LLVM is lower level than typical VMs like JVM and CLR. For example, while it has hooks for a garbage collector, it does not provide a garbage collector itself.
Likewise, the JVM has a built-in JIT compiler (except in really ancient versions). LLVM has some JIT compilers for LLVM IR, but it's still up to the developer to hook things together and actually JIT the code.
When the JVM encounters an unresolved external, it goes out and finds the right class to satisfy it, and knows how to look for .class files directly in the file system and in .jar files1. LLVM's JIT compilers have hooks where you can decide how things like that are handled. As you'd expect, some people have written some default versions, so it can do things roughly on the same order as the JVM can -- but you're also free to ignore those and do things differently if you choose.

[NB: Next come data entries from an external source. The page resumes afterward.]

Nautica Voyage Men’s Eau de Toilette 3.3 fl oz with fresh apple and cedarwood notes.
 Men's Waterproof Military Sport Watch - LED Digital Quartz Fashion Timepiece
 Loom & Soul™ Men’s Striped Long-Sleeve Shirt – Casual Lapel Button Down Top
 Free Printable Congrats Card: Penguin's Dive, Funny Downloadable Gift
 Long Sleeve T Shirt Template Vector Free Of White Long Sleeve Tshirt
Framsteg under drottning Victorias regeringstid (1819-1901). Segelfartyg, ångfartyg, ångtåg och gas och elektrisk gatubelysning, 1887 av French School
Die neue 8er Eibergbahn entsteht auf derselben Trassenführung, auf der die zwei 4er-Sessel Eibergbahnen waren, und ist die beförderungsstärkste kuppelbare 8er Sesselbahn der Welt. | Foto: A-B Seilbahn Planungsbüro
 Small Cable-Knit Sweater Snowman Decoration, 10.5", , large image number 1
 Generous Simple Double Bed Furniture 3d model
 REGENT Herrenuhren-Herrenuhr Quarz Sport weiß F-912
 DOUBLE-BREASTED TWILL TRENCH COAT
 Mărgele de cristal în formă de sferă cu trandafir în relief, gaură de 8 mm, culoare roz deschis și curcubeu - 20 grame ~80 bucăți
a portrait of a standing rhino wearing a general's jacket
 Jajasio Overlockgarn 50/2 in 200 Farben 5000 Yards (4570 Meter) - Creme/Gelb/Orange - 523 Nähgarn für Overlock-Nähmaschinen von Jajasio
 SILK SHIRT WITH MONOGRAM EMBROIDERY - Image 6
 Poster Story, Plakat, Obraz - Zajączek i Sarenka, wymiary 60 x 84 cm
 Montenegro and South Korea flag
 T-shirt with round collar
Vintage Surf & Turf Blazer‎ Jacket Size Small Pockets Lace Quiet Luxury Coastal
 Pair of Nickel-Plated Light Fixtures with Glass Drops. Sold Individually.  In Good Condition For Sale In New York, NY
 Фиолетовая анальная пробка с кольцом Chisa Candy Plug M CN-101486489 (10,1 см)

Simply put, if you're developing a compiler (or something on that order) it has a lot of tools to make your life easy. Instead of worrying much about optimization, you can do roughly the simplest translation you can manage from your source code to LLVM IR, and then use the LLVM libraries to manage optimizing, JITing, linking, etc. Nonetheless, they are libraries -- it provides some really useful functions so you don't have to deal with all the details, but they're still functions and you're still writing code to invoke them. It's not a finished product, just useful tools for building products relatively quickly and easily.
1 Technically, not all of this is built into the JVM proper. It specifies what's usually called the primordial class loader as part of the JVM proper, and then there are user class loaders specified in java.util.ClassLoader that handle other things. Some class loaders are included by default, and if you want to badly enough, you can supplement those by defining your own.